Netdata Community



OS: Linux

Error correction code memory (ECC memory) is a type of computer data storage that uses an error correction code (ECC) to detect and correct n-bit data corruption which occurs in memory. ECC memory is used in most computers where data corruption cannot be tolerated under any circumstances, like industrial control applications, critical databases, and infrastructural memory caches. 1

“Correctable errors are generally single-bit errors that the system or the built-in ECC mechanism can correct. These errors do not cause system downtime of data corruption.” 2

Netdata agent monitors the number of ECC correctable errors in the last 10 minutes.

References and sources:
  1. ECC memory on wikipedia
  2. RAM types and ECC technologies
  3. memtester homepage

Troubleshooting section:

Verify a bad memory module

Correctable errors do not necessarily indicate hardware failures, but should generally still be investigated.

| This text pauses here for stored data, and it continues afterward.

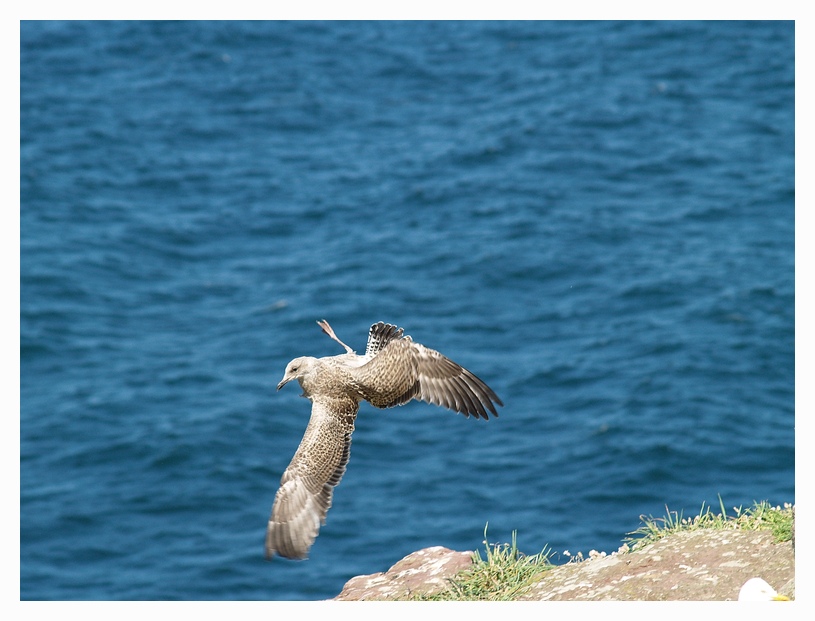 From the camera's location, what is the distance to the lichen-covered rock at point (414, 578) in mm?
9192

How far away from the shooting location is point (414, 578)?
Result: 9.49 meters

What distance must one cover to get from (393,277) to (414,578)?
728 inches

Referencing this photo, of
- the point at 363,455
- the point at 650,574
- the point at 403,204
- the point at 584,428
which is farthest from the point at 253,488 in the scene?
the point at 650,574

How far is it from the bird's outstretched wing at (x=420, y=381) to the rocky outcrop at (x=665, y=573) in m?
1.41

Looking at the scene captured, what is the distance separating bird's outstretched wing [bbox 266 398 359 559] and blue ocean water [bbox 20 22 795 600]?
36.7 feet

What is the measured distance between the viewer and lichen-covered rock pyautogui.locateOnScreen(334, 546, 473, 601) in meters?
9.19

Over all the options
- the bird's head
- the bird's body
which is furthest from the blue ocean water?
the bird's body

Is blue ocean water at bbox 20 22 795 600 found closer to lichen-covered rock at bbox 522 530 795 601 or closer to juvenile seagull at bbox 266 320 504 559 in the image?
lichen-covered rock at bbox 522 530 795 601

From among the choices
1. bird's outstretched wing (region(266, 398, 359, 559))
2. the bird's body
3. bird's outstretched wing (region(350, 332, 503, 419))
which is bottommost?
the bird's body

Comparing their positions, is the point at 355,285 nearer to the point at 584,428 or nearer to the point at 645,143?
the point at 584,428

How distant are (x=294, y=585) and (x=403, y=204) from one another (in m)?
13.0

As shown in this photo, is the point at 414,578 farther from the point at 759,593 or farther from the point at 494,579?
the point at 759,593

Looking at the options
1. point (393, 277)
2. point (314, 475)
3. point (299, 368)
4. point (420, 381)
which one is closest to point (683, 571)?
point (420, 381)

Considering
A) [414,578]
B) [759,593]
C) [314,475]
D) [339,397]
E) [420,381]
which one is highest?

  1. memtester is a userspace utility for testing the memory subsystem for faults. It’s portable and
    should compile and work on any 32 or 64-bit Unix-like system. For hardware developers, memtester
    can be told to test memory starting at a particular physical address (memtester v4.1.0+). 3

You can also get this kind of errors by incorrect seating or improper contact between the socket and
RAM module. Check on both before consider replacing the RAM module.

Check for BIOS updates

You should check for critical BIOS updates on your hardware’s vendor support page.